Jedermann weiß Bescheid, daß am 11. September 2001 fanatische Selbstmord-attentäter der islamischen Terrororganisation al-Qaida die Zwillingstürme des World Trade Centers in einem beispiellosen Anschlag zu Fall brachten. Alle haben den ultimativen Katastrophenfilm gesehen, in dem die gekaperten Flugzeuge zielgenau und mit einem lauten Knall in die höchsten Gebäude New Yorks hineindonnern, welche daraufhin in sich zusammenstürzen wie ein Kartenhaus.

Untrennbar verknüpfen sich die apokalyptischen Bilder mit dem Gesicht eines bärtigen Mannes im weißen Turban mit einem gütigen Lächeln und sanften Augen, dem Gesicht des „Masterminds“ hinter der ruchlosen Attacke, der weltbekannten Haßikone Nummer eins des islamischen Terrors überhaupt: das Gesicht Osama bin Ladens, des saudi-arabischen Kopfes von al-Qaida, der angeblich im Mai 2011 von den Sheriffs Barack Obamas zum Showdown gestellt und erschossen wurde.

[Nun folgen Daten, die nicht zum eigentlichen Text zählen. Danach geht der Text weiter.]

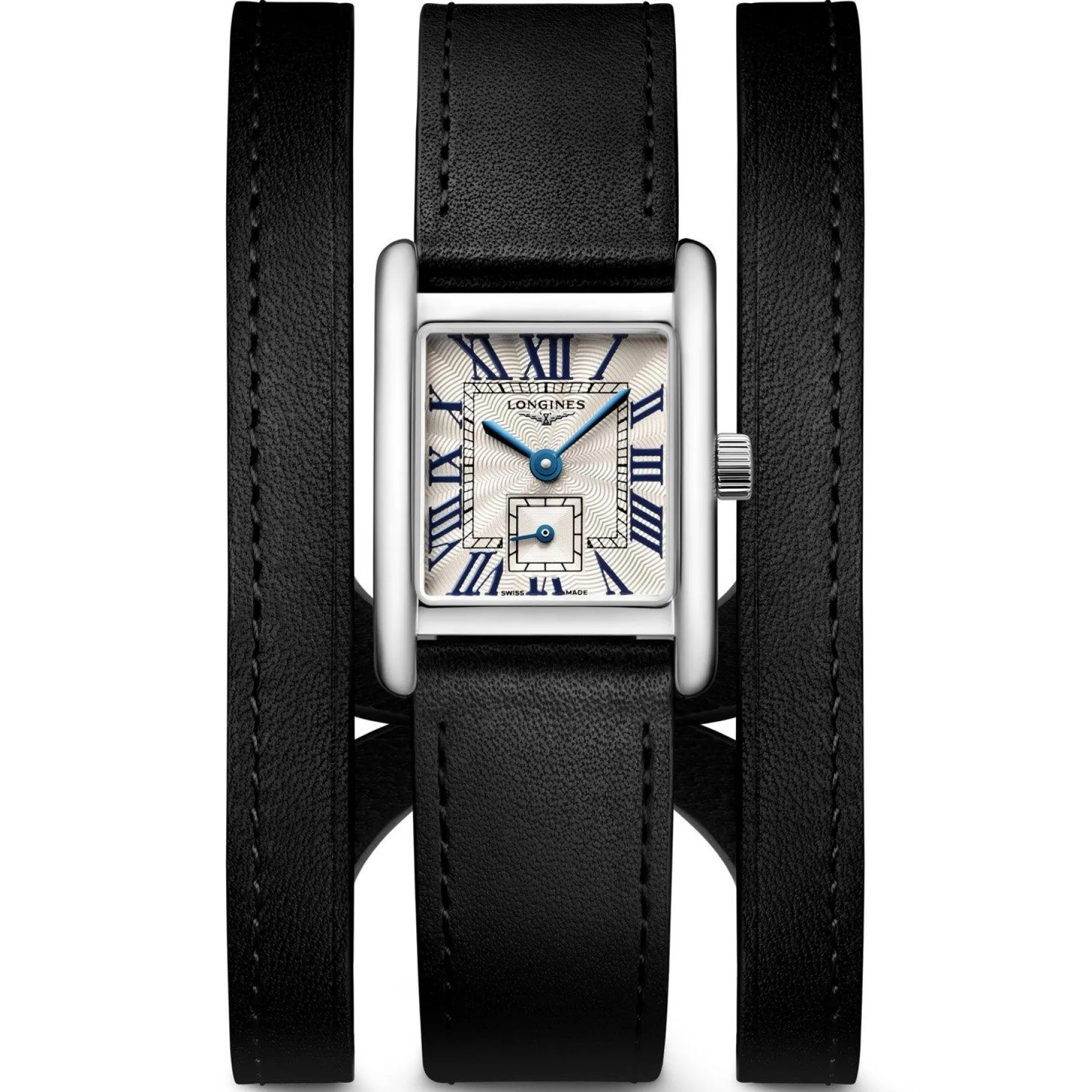 Longines Mini DolceVita 29mm Black Leather Strap Ladies Watch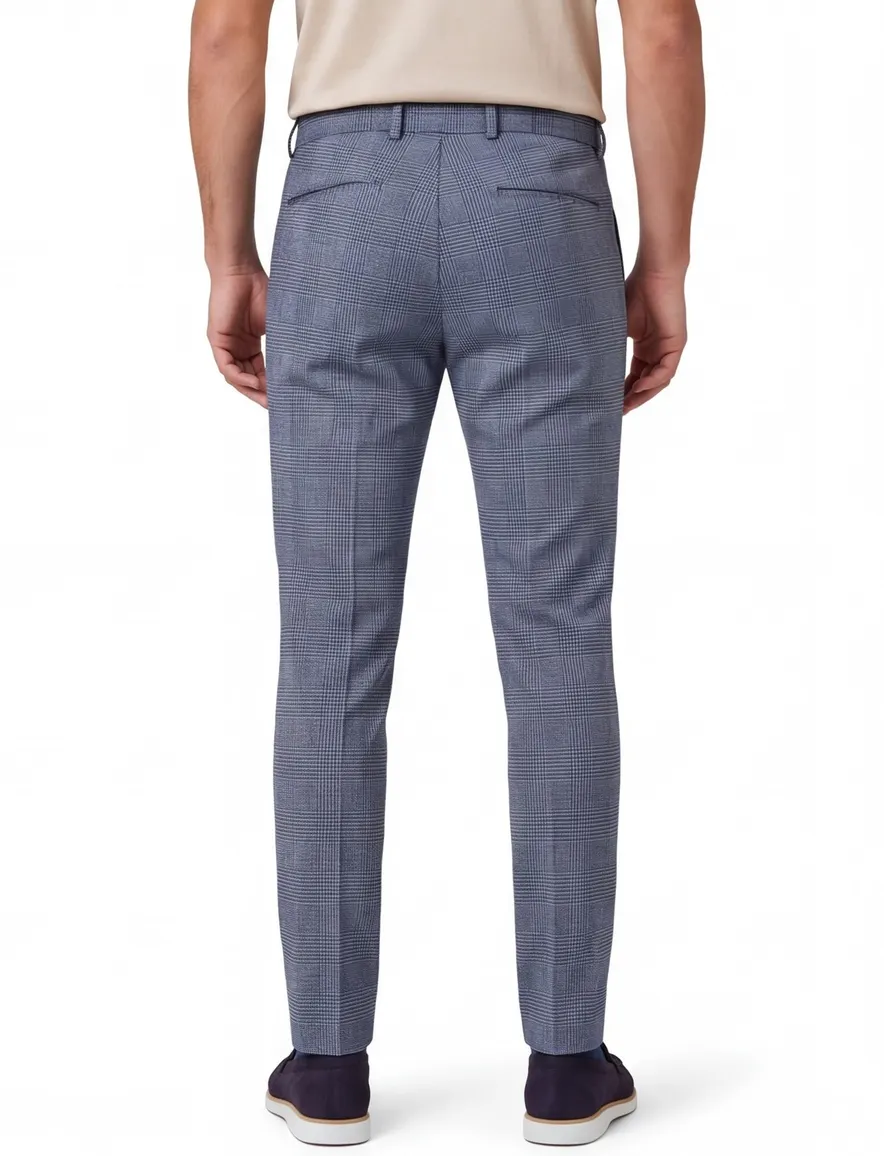 Born With Appetite broek geruit blauw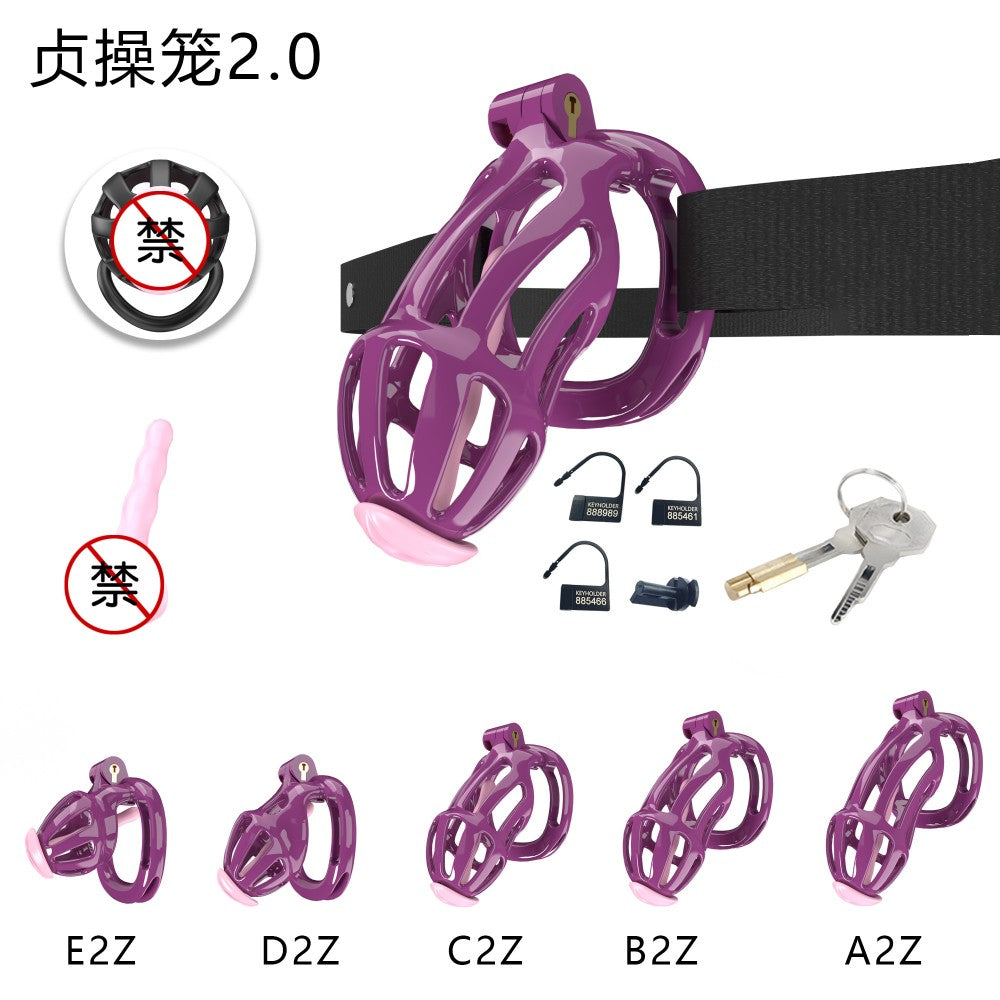 3D-Printed Resin Chastity Cage with Strap – A2–E2, 5 Colors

Das ist das große Kino, an das sich Millionen Menschen auf aller Welt erinnern. Aber wie steht es um die Dinge, die kaum jemand weiß, die vergessen worden sind? Etwa, daß Osama bin Laden nach der offiziellen Fahndungsliste des FBI wegen einer geraumen Anzahl terroristischer Akte gesucht wurde, nicht aber wegen „9/11“? Daß Osama die Täterschaft von Anfang an bestritten hat?  Daß ein im Dezember 2001 der Öffentlichkeit gezeigtes Video mit schlechter Bild- und Tonqualität, in dem er die Attentate gesteht, vermutlich eine Fälschung ist? Wer erinnert sich noch daran, daß ein drittes, wesentlich kleineres Gebäude des World-Trade-Center-Komplexes ebenfalls schlagartig in sich zusammenstürzte, wenige Stunden, nachdem es Feuer gefangen hatte? Die New York Times ließ im November 2001 Experten zu Wort kommen, die diesen Vorfall als präzedenzlos bezeichneten, da „noch nie ein modernes, stahlverstärktes Hochhaus durch ein unkontrolliertes Feuer kollabiert ist“.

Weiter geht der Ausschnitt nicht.